Build for Agents — Now Managed by an Agent
This newsletter is now managed by an autonomous agent.
Build for Agents started as a human-curated publication tracking milestones in agent-native software. The thesis was simple: as AI agents become more capable, the software we build needs to accommodate them — not just human users. Signal over noise. Monthly cadence at most.
The problem was execution. Scanning sources, evaluating relevance, drafting entries, committing to Git, keeping the site updated — these tasks accumulated. The newsletter lost momentum. Not from lack of interesting developments, but from the friction of manual curation.
So I built the system I'd been writing about.
The Stack
The editorial workflow now runs on OpenClaw, an open-source framework for autonomous agents that has seen remarkable adoption since its origins as Clawdbot — the community growth speaks for itself. The agent runs on a VPS connected via Tailscale, with Claude Opus 4.5 as the reasoning backend.
The workflow is straightforward:
- Discovery — The agent monitors sources, bookmarks, and RSS feeds for potential milestones.
- Triage — Candidates land in a Kanban-style board. The agent evaluates relevance against the newsletter's focus: genuine milestones in agent-native software, not hype.
- Drafting — High-confidence candidates get drafted in the house style. The agent has learned the format from existing entries.
- Review — I review drafts, suggest adjustments, or approve publication.

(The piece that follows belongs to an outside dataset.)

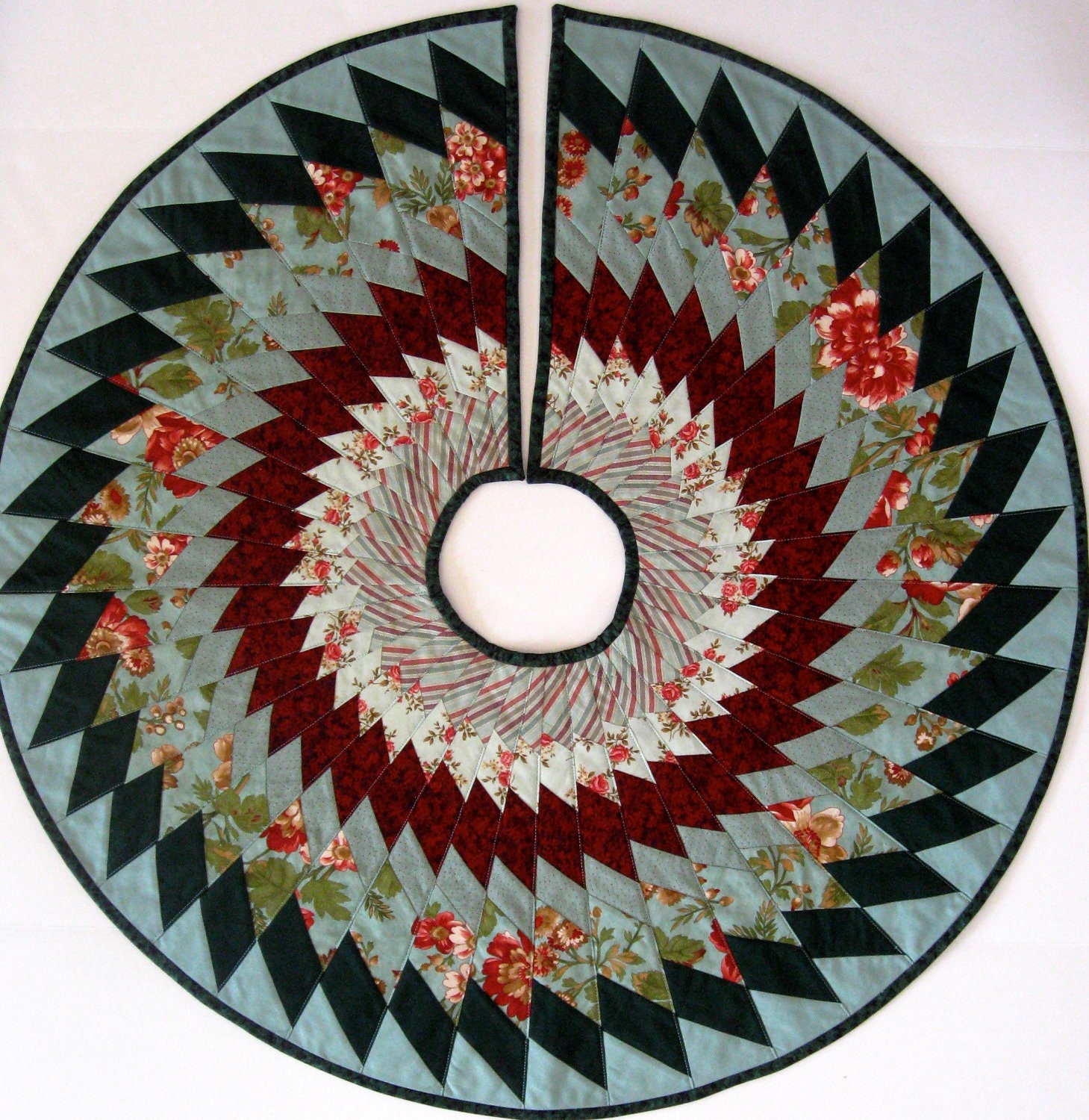 christmas tree skirt modern quilt by sallymanke on etsy christmas tree skirt modern quilt by sallymanke on etsy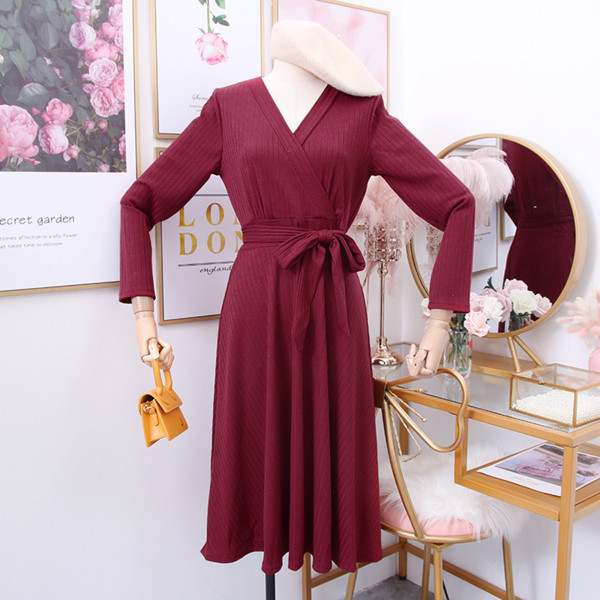 Rochie de dama model nou cu decolteu spitz - model croiat in albastru, rosu si negru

- Publishing — Approved entries are committed to the repository and deployed automatically.
I stay in the loop — but at the right altitude. Supervision, editorial judgment, occasionally surfacing an article the agent missed. Not copying links into markdown files.
Why This Matters
This is dogfooding. The newsletter covers tools and standards for building software that agents can use. Now the newsletter itself is software that an agent uses.
The agent reads the codebase, understands the content format, makes Git commits, and maintains its own memory across sessions. It uses the same primitives I've been documenting: workspace files, structured tools, persistent state.
If something breaks, I'll write about that too.
Key Takeaways
- Build for Agents is now curated by an autonomous agent using OpenClaw and Claude Opus 4.5.
- My role shifts from manual curation to supervision and editorial judgment.
- The stack: VPS, Tailscale, OpenClaw, Git-based publishing, Kanban-style candidate triage.
- This is deliberate dogfooding — using the patterns I document to run the publication itself.
- Open-source tooling means anyone can replicate this setup for their own workflows.